# What needs to be done:
Write out again, unchanged, the line that has "Image Baaghi: A Rebel for Love" and each following line through the end of the entries below; leave pictures out.

(Short descriptive text snippets)
....................

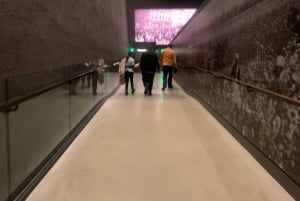 Washington DC: tour privato del Museo di storia afroamericana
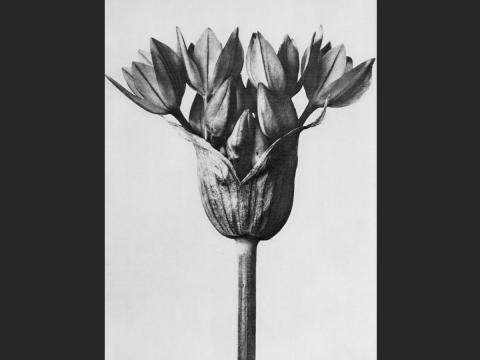 Karl Blossfeldt, Allium ostrowskianum, Knoblauchpflanze, 1928. © The J. Paul Getty Museum, Los Angeles.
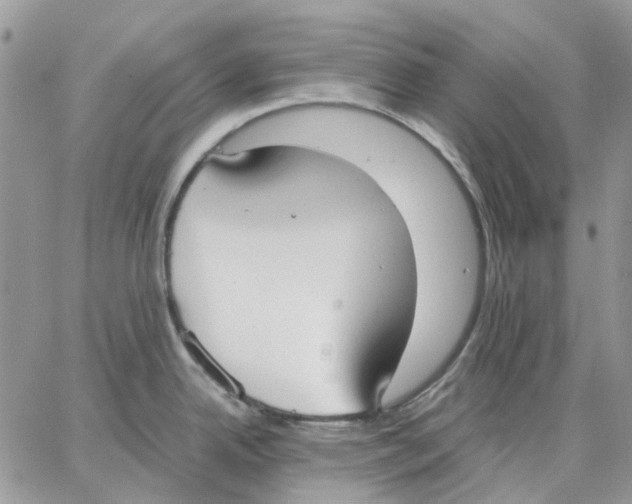 X0000062851342200602031617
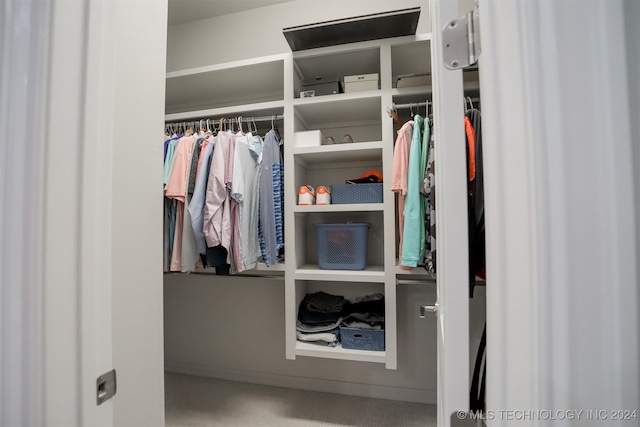 view of closet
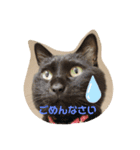 吉之助ときなこ0515（個別スタンプ：3）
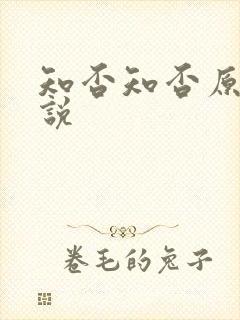 知否知否原著小说封面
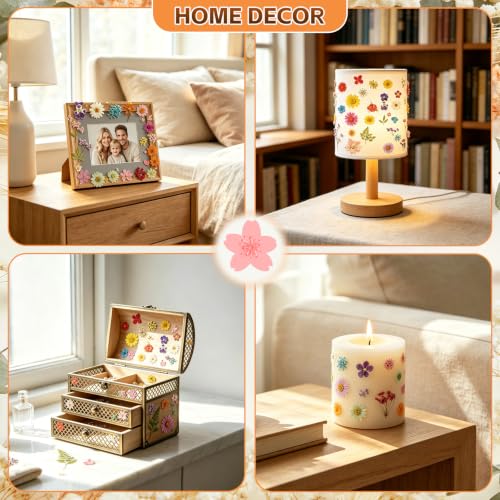 Dried Pressed Flowers Kit for Resin Crafts - Multicolored, 100+ Flowers & Leaves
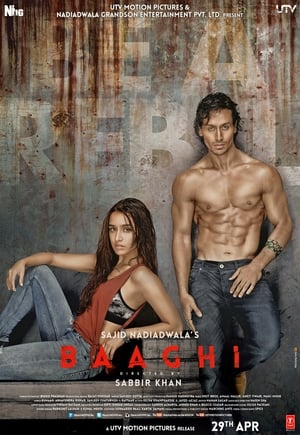 Image Baaghi: A Rebel for Love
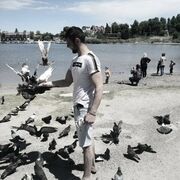 ���������� ����, ���� ������� ����, 28 ���, ������������ ��� ������, ����� � ���������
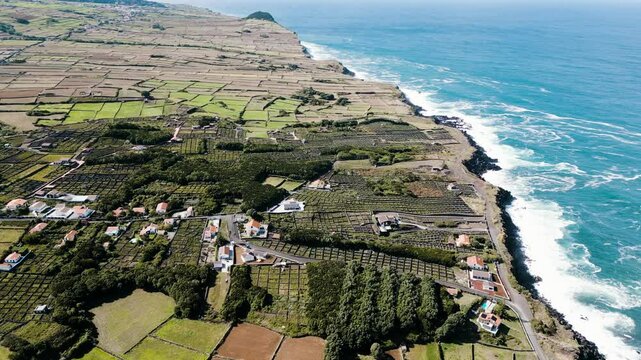Biscoitos Vineyard Protected Landscape on volcanic soils with stonewalled fields in Terceira, Azores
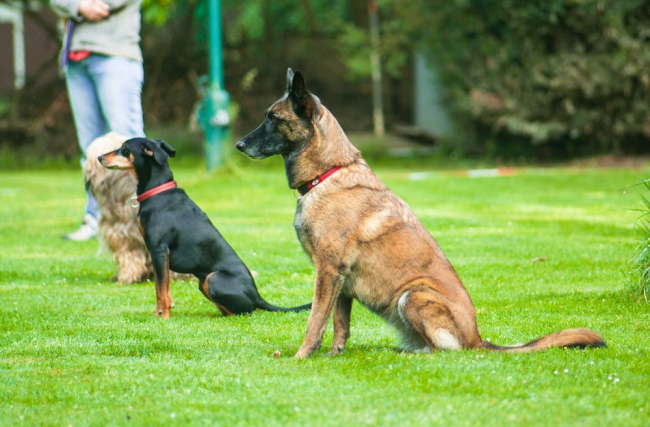 Psia szkoła posłuszeństwa. Cztery psy uczą się warowania siedząc.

....................

# Reply:
 Image Baaghi: A Rebel for Love
 ���������� ����, ���� ������� ����, 28 ���, ������������ ��� ������, ����� � ���������
Biscoitos Vineyard Protected Landscape on volcanic soils with stonewalled fields in Terceira, Azores
 Psia szkoła posłuszeństwa. Cztery psy uczą się warowania siedząc.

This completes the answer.